| TASK REQUIREMENTS |
In the entries below, repeat only the lines between those holding "195 Robbinsville Edinburg Road – photo 3" and "New 2025 Mercedes-Benz", inclusive. Leave pictures out.

| DATA FOR THIS TASK |

________

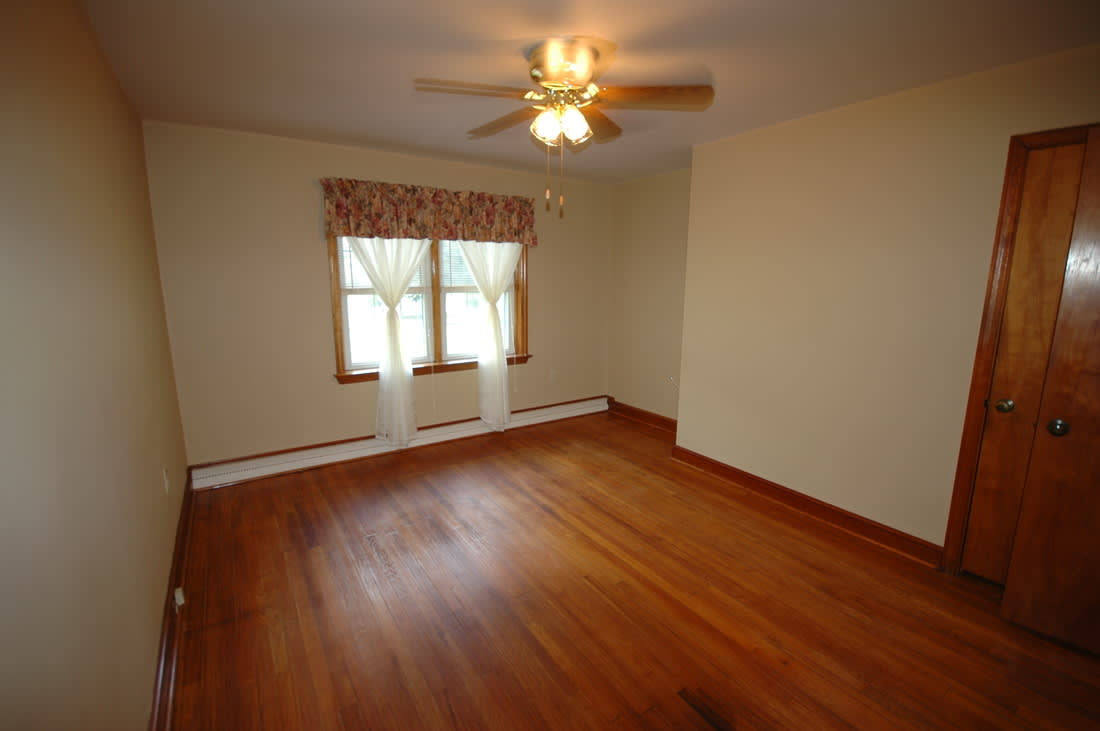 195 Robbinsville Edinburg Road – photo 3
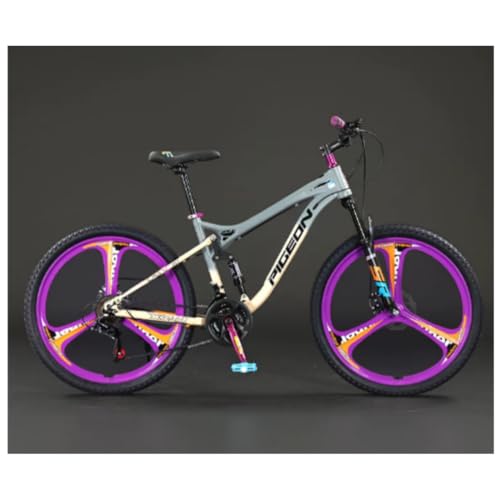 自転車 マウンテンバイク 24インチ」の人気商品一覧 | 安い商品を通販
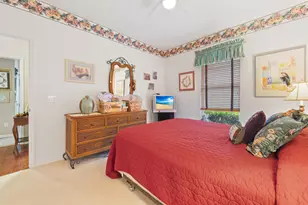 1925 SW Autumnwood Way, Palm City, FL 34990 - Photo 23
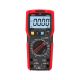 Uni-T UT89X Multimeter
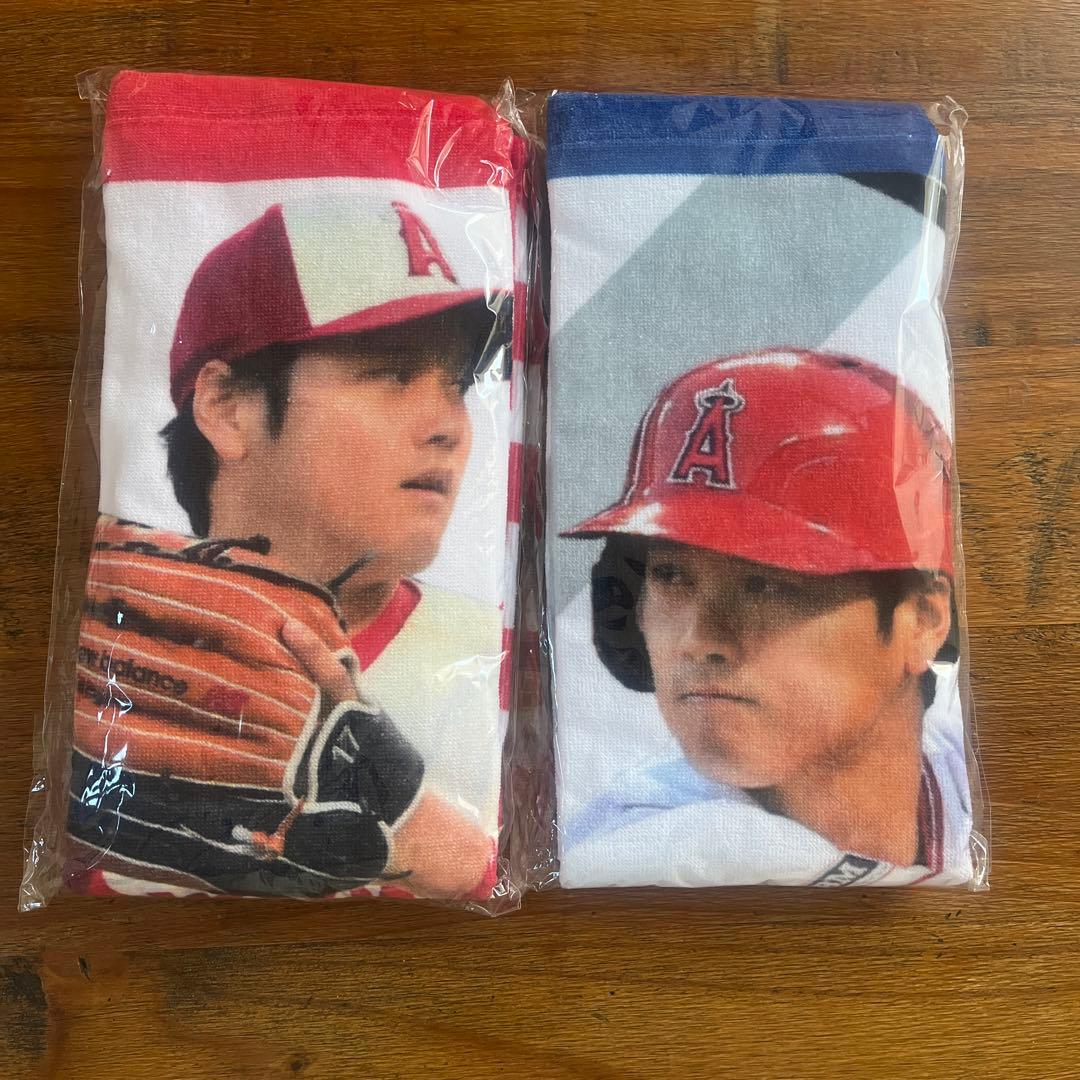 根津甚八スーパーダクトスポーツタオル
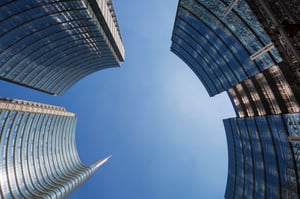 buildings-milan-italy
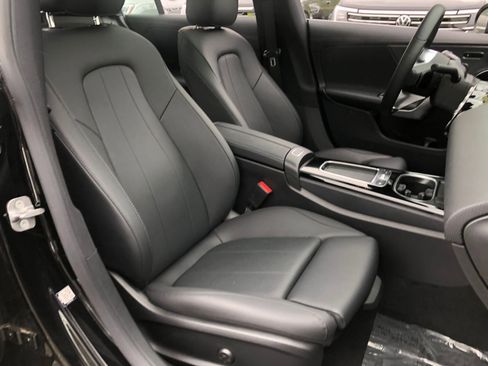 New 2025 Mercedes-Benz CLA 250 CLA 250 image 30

________

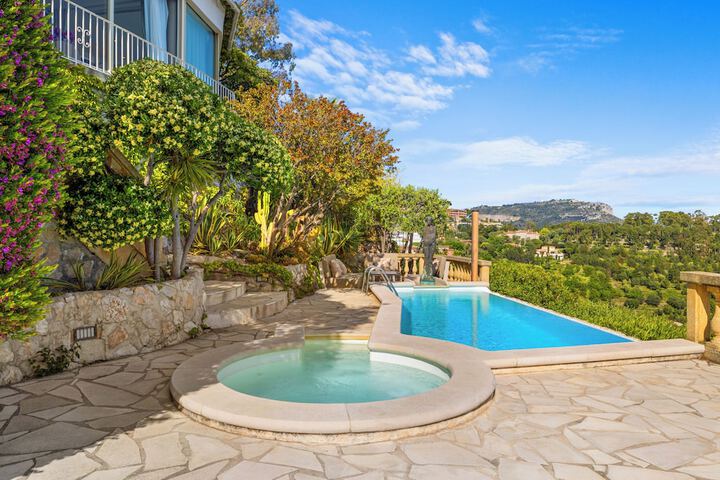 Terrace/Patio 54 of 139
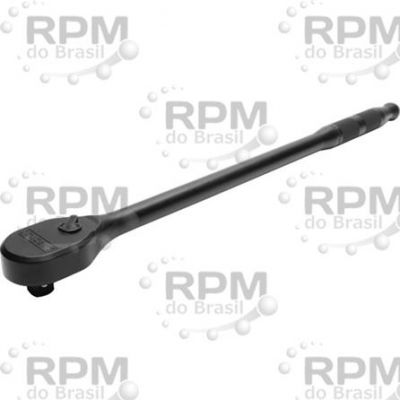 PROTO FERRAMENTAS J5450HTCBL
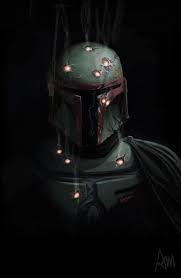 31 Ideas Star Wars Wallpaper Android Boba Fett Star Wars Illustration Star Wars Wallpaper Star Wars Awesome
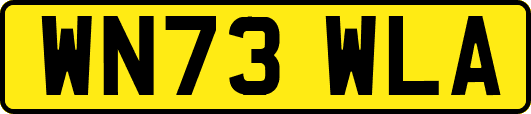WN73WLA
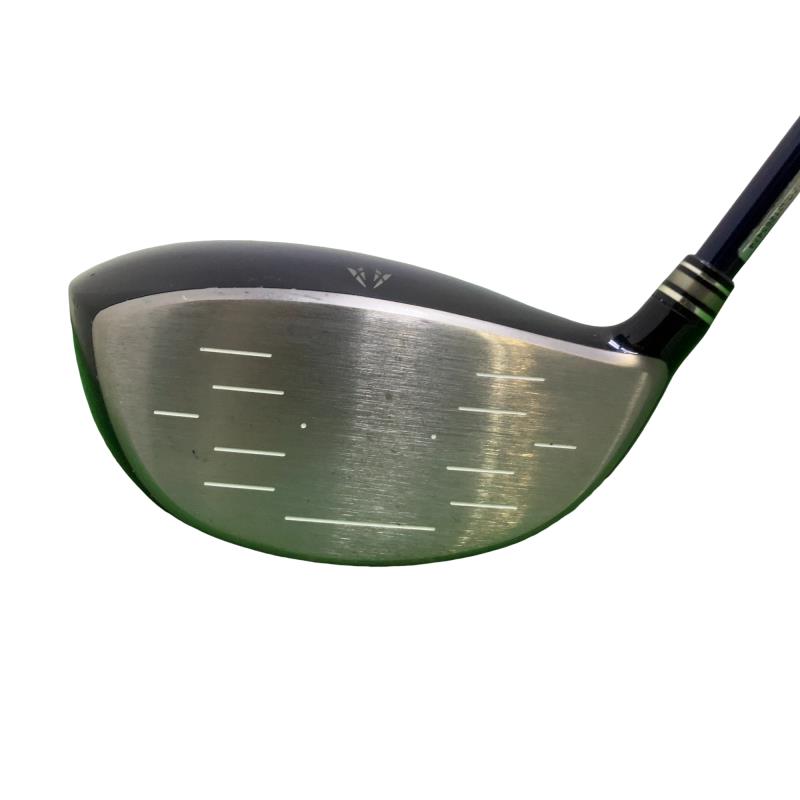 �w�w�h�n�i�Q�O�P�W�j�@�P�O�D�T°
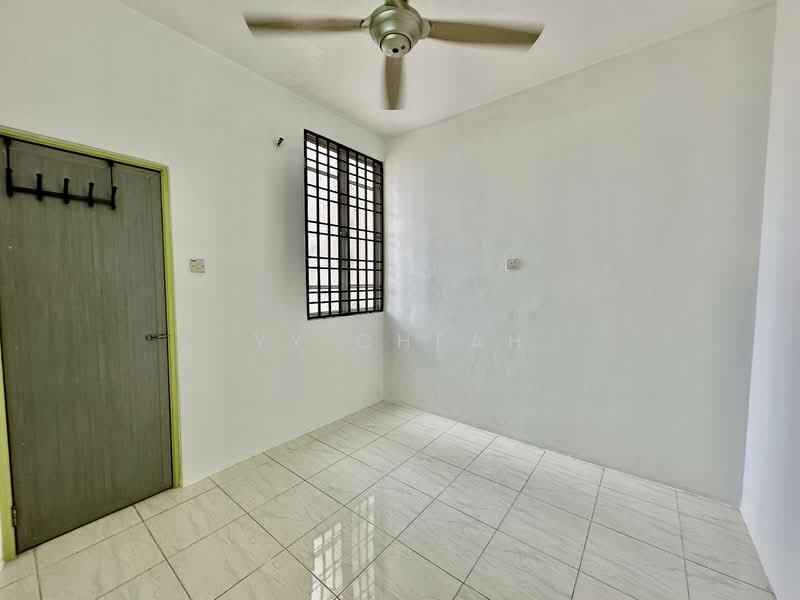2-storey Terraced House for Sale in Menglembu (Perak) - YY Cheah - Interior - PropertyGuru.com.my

________

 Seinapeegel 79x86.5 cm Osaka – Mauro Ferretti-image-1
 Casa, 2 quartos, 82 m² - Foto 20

________

| EXERCISE SOLUTION |
 195 Robbinsville Edinburg Road – photo 3
 自転車 マウンテンバイク 24インチ」の人気商品一覧 | 安い商品を通販
 1925 SW Autumnwood Way, Palm City, FL 34990 - Photo 23
 Uni-T UT89X Multimeter
 根津甚八スーパーダクトスポーツタオル
 buildings-milan-italy
 New 2025 Mercedes-Benz CLA 250 CLA 250 image 30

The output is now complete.